Google has thrown a monkey wrench in present & future recommended practices
By Allan Tépper | January 16, 2011
In case you didn't hear yet, Google recently announced the elimination of support for H.264 in HTML5 video in its popular Chrome web browser within the next few months, in favor of WebM (VP8) and Theora video códecs. Despite Google's official justifications for the move in the name of openness, many analysts (including myself) see this as a political move against Apple, and even hypocritical since the Chrome browser has contained (and will continue to contain) an embedded Flash player. Our logical conclusion is that Google's next step will be to drop support for H.264 in its Android operating system too. This happens after H.264 already has achieved support from Adobe, Apple, and even Microsoft. Up until now, Google's Chrome browser has directly supported H.264 with HTML5's video tag.
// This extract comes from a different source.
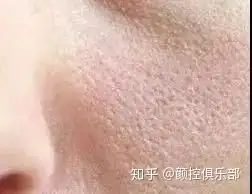 毛孔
Before this shocking below the belt punch, many content producers were well along the way of offering HTML5 video with H.264, playable as raw or automatic fallback to the same file embedded in Flash if the browser didn't support it in HTML5, as I have covered in my seminars. However, as we see the writing on the wall, this will likely no longer be sufficient for the ever popular Android devices as they likely become updated to newer versions which would purposefully exclude H.264 playback, especially considering the poor Flash performance on most of the current Android devices that even support it at all. So within a short time, the preferred video códecs for Android devices will likely be WebM (VP8) or Theora, while for Apple iOS devices (AppleTV, iPad/iPhone/iPod Touch), it will remain to be H.264.